*** Data supplied Section Begins ***

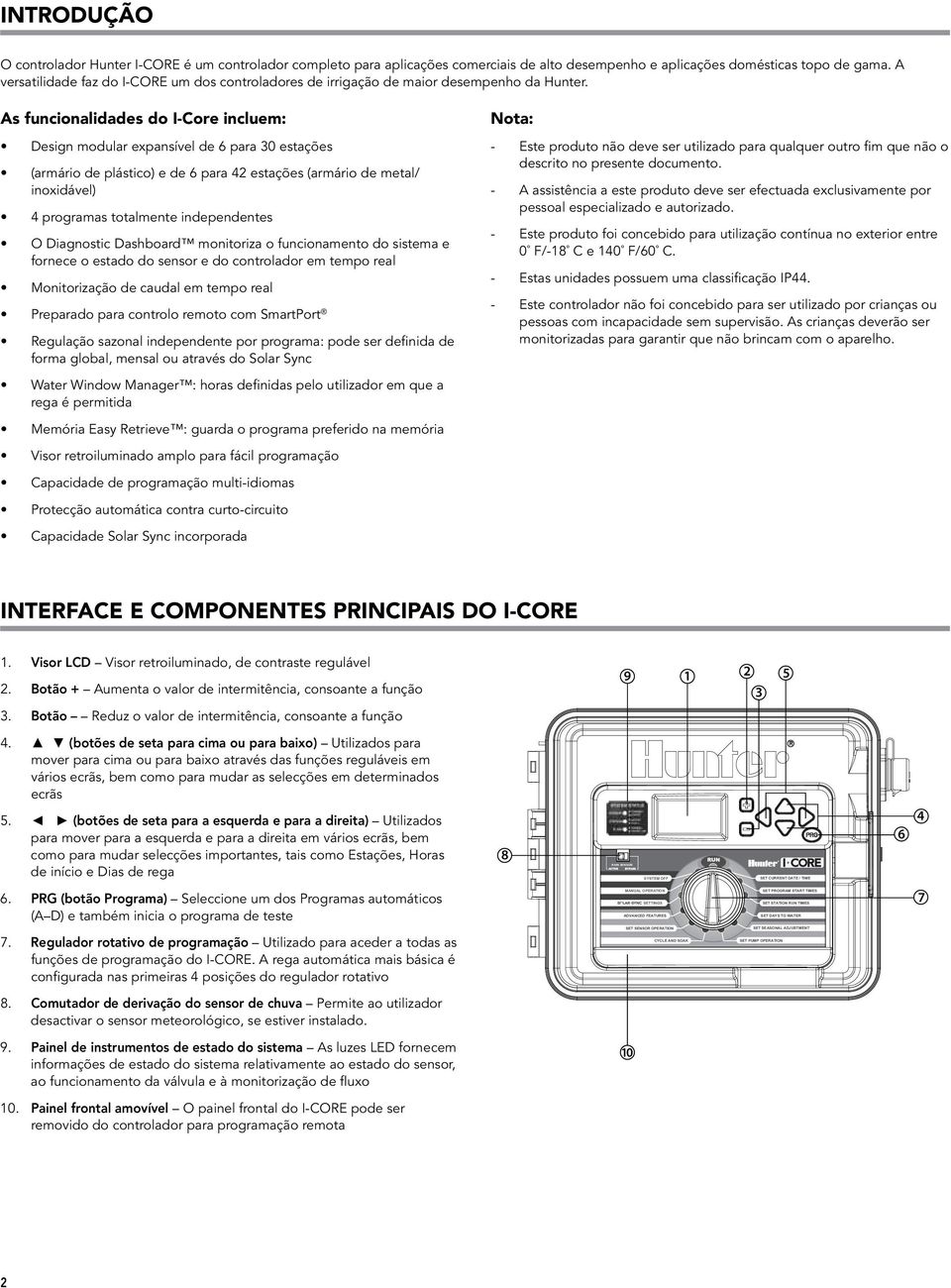 As funcionalidades do I-Core incluem: Design modular expansível de 6 para 30 estações (armário de plástico) e de 6 para 42 estações (armário de metal/ inoxidável) 4 programas totalmente independentes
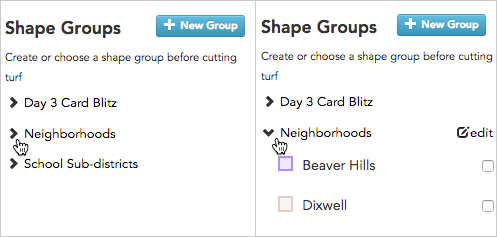 Expand a shape group: Click the caret icon (upper left image) to display the individual shapes in the group (upper right image).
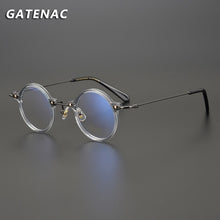 Load image into Gallery viewer, Vintage Acetate Titanium Glasses Frame Men 2023 Round Prescription Optical Eyeglasses Women  Brand Transparent Eyewear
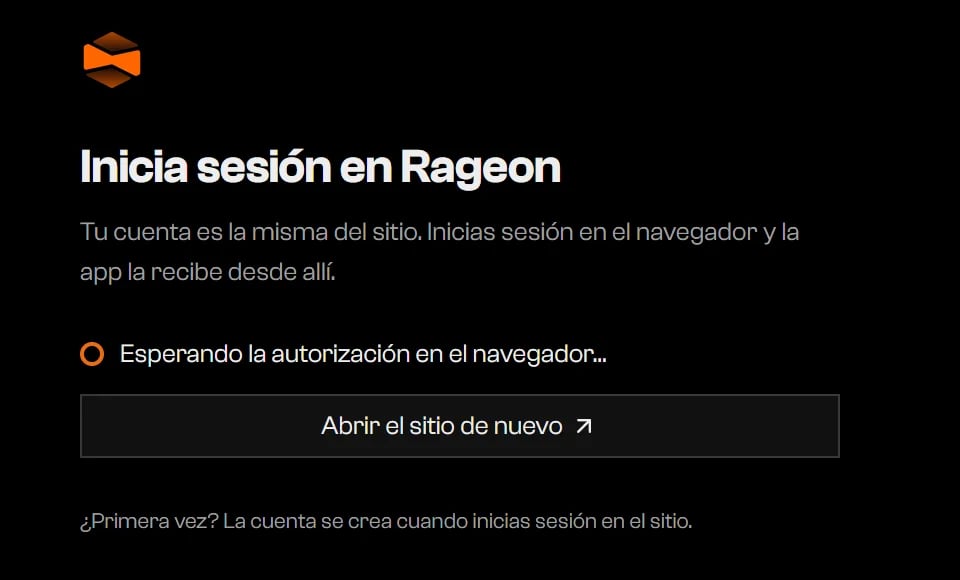Pantalla de inicio de sesión que dice Esperando la autorización en el navegador, con un botón Abrir el sitio de nuevo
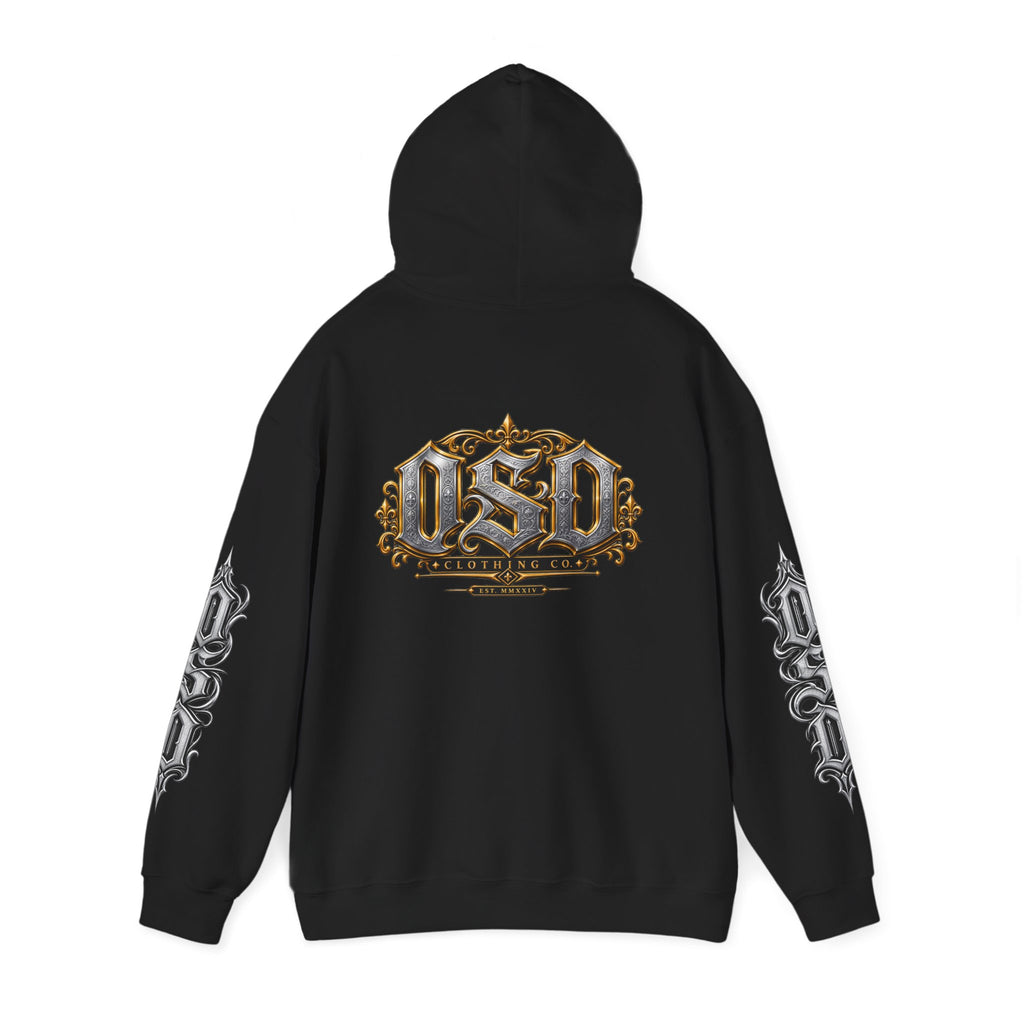 Hoodie — Ornate Gothic "OSD" Logo Sleeve & Back Streetwear Hoodie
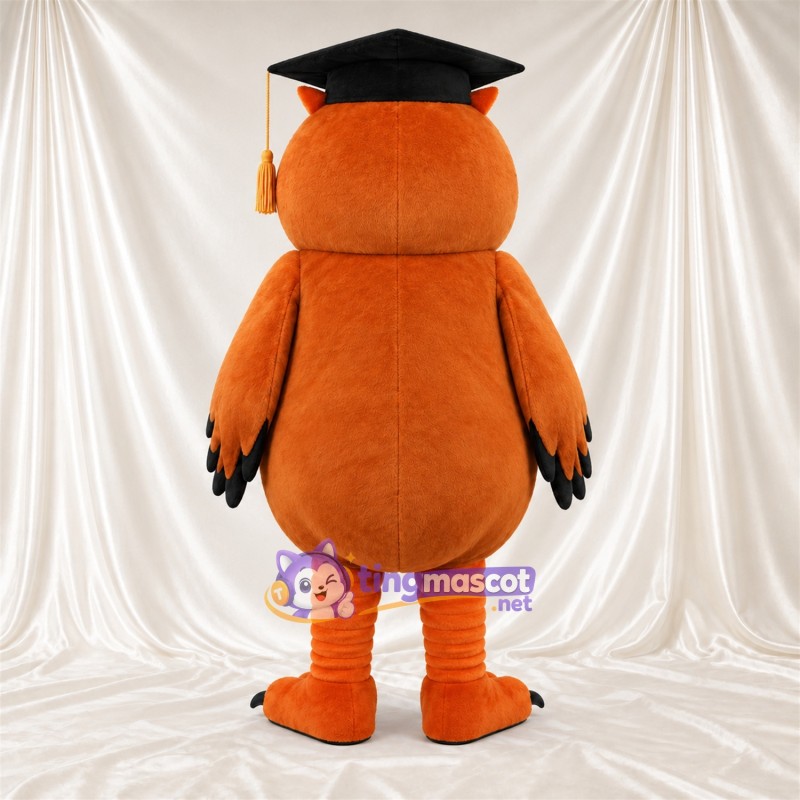 Costume de mascotte Hibou – orange – Coiffe de diplômé; Lunettes Costume de mascotte Hibou – orange – Coiffe de diplômé; Lunettes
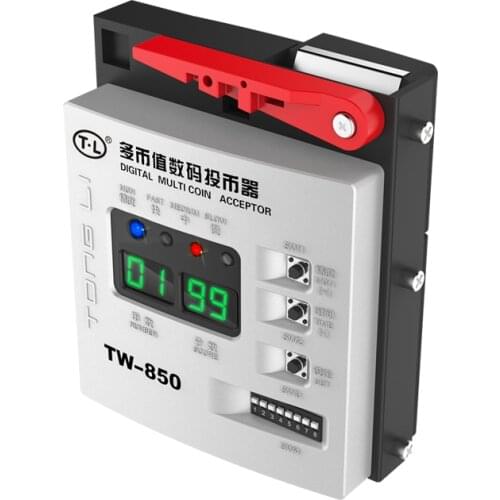 TW-850 Top Entry Multi Coin Selector Advanced CPU Coin accepter support 1-5 kindsof coins for Arcade Cabinets Vending Machines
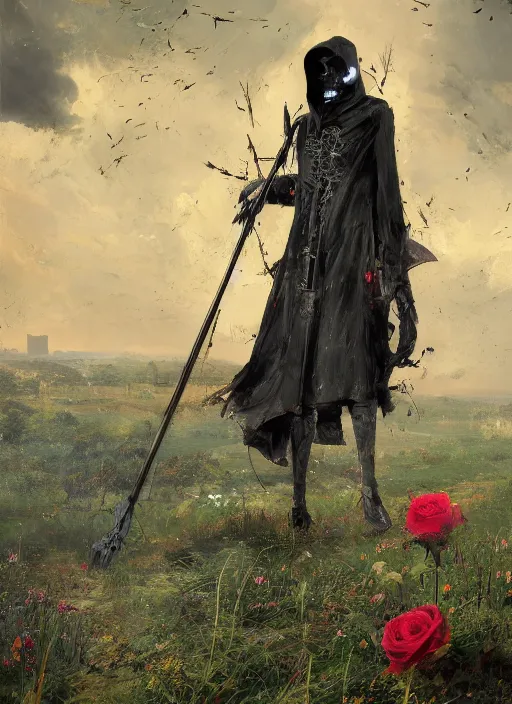 Prompt: grim reaper : : scythe and black rose : : kodachrome : : 2 d : : 3 d : : ray tracing global illumination : : insanely detailed and intricate, hypermaximalist, elegant, ornate, hyper realistic, super detailed : : by ismail inceoglu : : by john constable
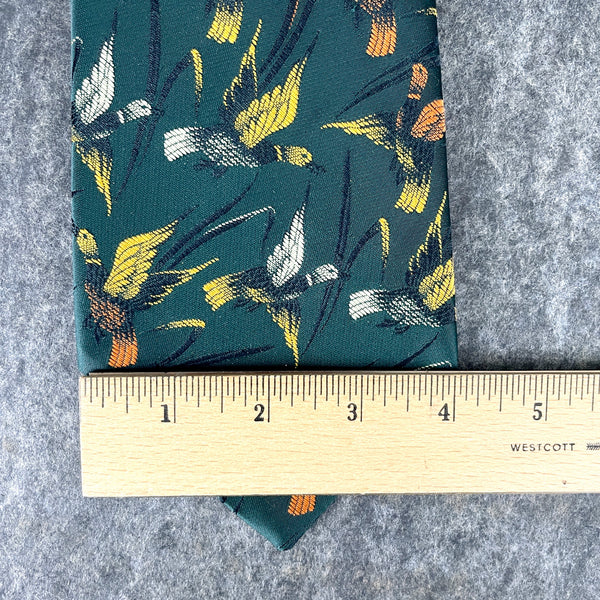 Mallard duck print necktie - R.H. White of Boston - 1960s vintage - NextStage Vintage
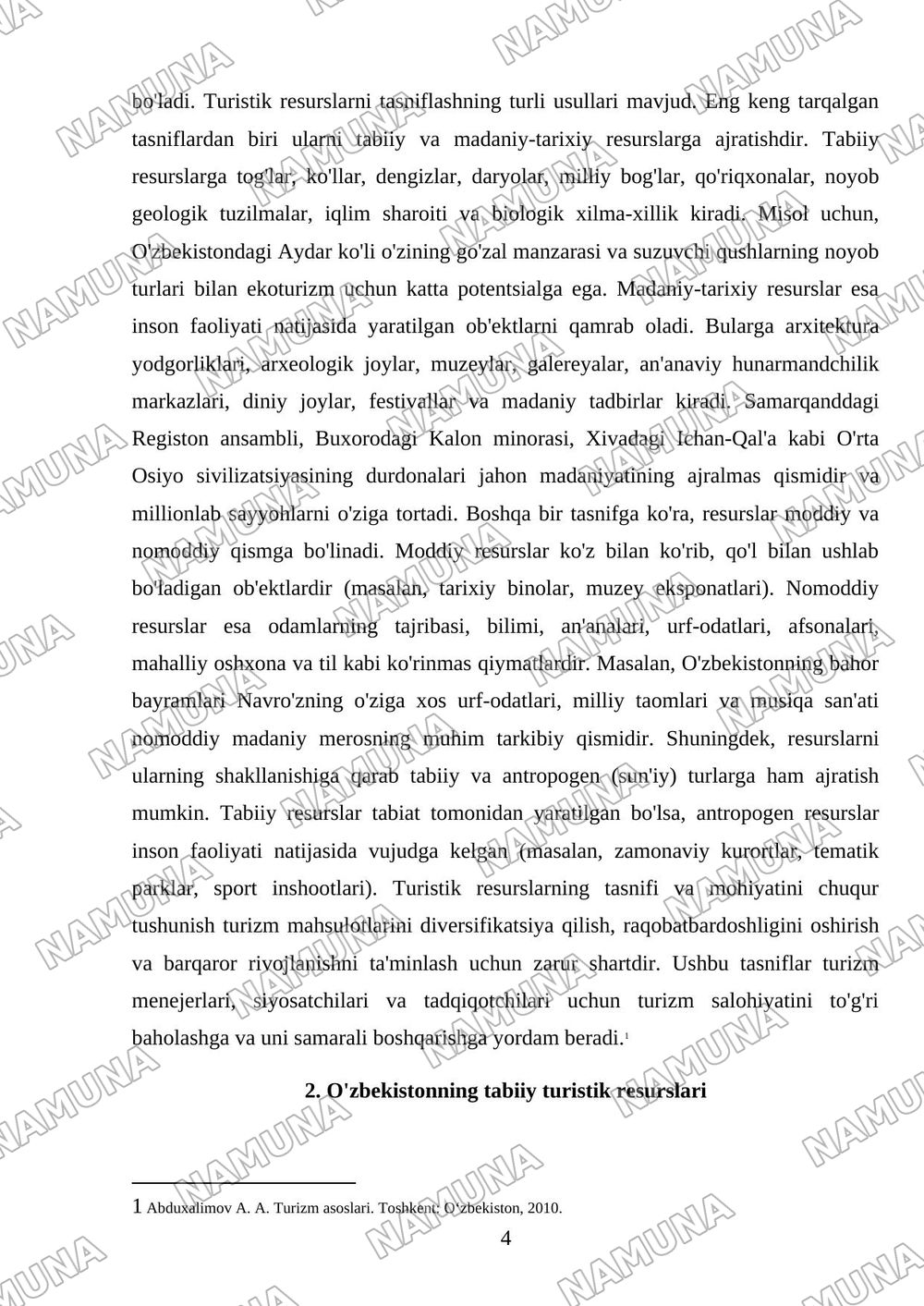 Turistik resurslar va mahsulotlar — mustaqil ish, 4-varaq
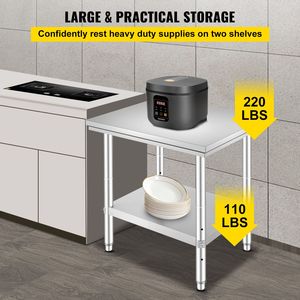 Table de préparation robuste 24 x 30 x 31 pouces, plan de travail en acier inoxydable, capacité de charge de 700 lb avec 3 niveaux de hauteur réglables - Product Image 4
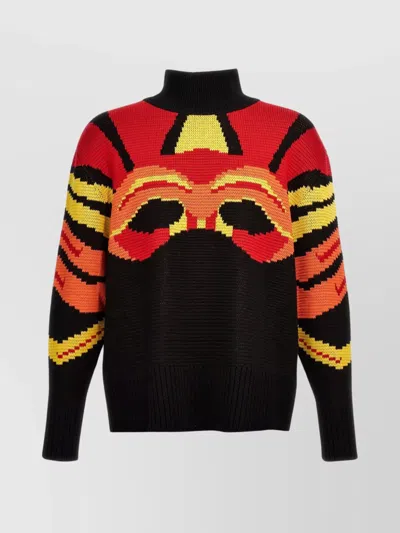 BLUEMARBLE JACQUARD HIGH NECK KNIT SWEATER WITH LONG SLEEVES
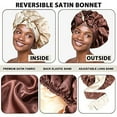 thumbnail image 3 of AWAYTR Women Satin Bonnet Silk Hair Reversible Bonnets Hair Wrap for Sleeping Cap with Tie Band, 3 of 12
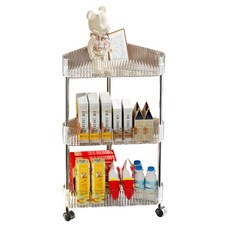 小麥購物 浴室移動落地式 3層置物推車 三角形款 L912, 1個, 透明色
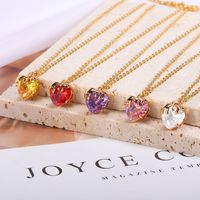 Fashion New Style Multi-color Heart Zircon Pendant Copper Necklace main image 1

*** Data supplied Section Ends ***

● Task prompt:
Hand back the records above exactly as they are, pictures excluded.

● Response for this exercise:
 As funcionalidades do I-Core incluem: Design modular expansível de 6 para 30 estações (armário de plástico) e de 6 para 42 estações (armário de metal/ inoxidável) 4 programas totalmente independentes
 Expand a shape group: Click the caret icon (upper left image) to display the individual shapes in the group (upper right image).
 Load image into Gallery viewer, Vintage Acetate Titanium Glasses Frame Men 2023 Round Prescription Optical Eyeglasses Women  Brand Transparent Eyewear
Pantalla de inicio de sesión que dice Esperando la autorización en el navegador, con un botón Abrir el sitio de nuevo
 Hoodie — Ornate Gothic "OSD" Logo Sleeve & Back Streetwear Hoodie
 Costume de mascotte Hibou – orange – Coiffe de diplômé; Lunettes Costume de mascotte Hibou – orange – Coiffe de diplômé; Lunettes
 TW-850 Top Entry Multi Coin Selector Advanced CPU Coin accepter support 1-5 kindsof coins for Arcade Cabinets Vending Machines
 Prompt: grim reaper : : scythe and black rose : : kodachrome : : 2 d : : 3 d : : ray tracing global illumination : : insanely detailed and intricate, hypermaximalist, elegant, ornate, hyper realistic, super detailed : : by ismail inceoglu : : by john constable
 Mallard duck print necktie - R.H. White of Boston - 1960s vintage - NextStage Vintage
 Turistik resurslar va mahsulotlar — mustaqil ish, 4-varaq
 Table de préparation robuste 24 x 30 x 31 pouces, plan de travail en acier inoxydable, capacité de charge de 700 lb avec 3 niveaux de hauteur réglables - Product Image 4
 BLUEMARBLE JACQUARD HIGH NECK KNIT SWEATER WITH LONG SLEEVES
 thumbnail image 3 of AWAYTR Women Satin Bonnet Silk Hair Reversible Bonnets Hair Wrap for Sleeping Cap with Tie Band, 3 of 12
 小麥購物 浴室移動落地式 3層置物推車 三角形款 L912, 1個, 透明色
 Fashion New Style Multi-color Heart Zircon Pendant Copper Necklace main image 1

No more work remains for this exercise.